Two Cheers for ‘The Two Popes’

I’m a Catholic Church fanboy. I love beautiful churches and religious artwork. I enjoy ritual—particularly as the Catholic Church has humanized its liturgy post-Vatican II. I admit that I root for the Catholic Church to survive. I don’t know if my own tradition of Mainline Protestantism will exist in 100 years, but I think Catholicism will.

I also like camp. The absurdly theatrical. The extra. The over-the-top combined with attempted seriousness. That the Catholic Church is frequently the location of unintended camp performance only makes me like it more.

It was with these assumptions that I viewed The Two Popes. Written by Anthony McCarten (The Theory of Everything, The Darkest Hour) and directed by Fernando Meirelles (City of God, The Constant Gardener), the film is based on a fictional meeting in 2013 between Pope Benedict XVI (Anthony Hopkins) and Jorge Bergoglio, Cardinal of Argentina, now known as Pope Francis (Jonathan Pryce).

The film begins in 2005 with then-Cardinal Bergoglio speaking to a large crowd during an open-air mass in Buenos Aires. A bishop with the common touch, he has them eating out of his hand (pardon the pun) eliciting call and response during his sermon and adding a shout-out to his favorite soccer team. Just after the mass, he learns of the death of Pope John Paul II and heads to the papal conclave in the Vatican.
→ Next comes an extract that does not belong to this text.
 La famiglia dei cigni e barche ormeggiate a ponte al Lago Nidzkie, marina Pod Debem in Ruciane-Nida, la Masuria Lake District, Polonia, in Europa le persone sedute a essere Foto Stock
The filmmakers seem to have a reverence for both the real theological stakes of the political machinations of the Vatican, and a healthy understanding of the absurdity of its Medieval practices. We see the politicking behind the scenes that leads to Benedict’s election. (Bergoglio comes in second at this conclave.) Meanwhile, a litany of the saints sung by the Cardinals blends into ABBA’s “Dancing Queen” in the movie’s score as the “Princes of the Church” file into the Sistine Chapel to commence voting.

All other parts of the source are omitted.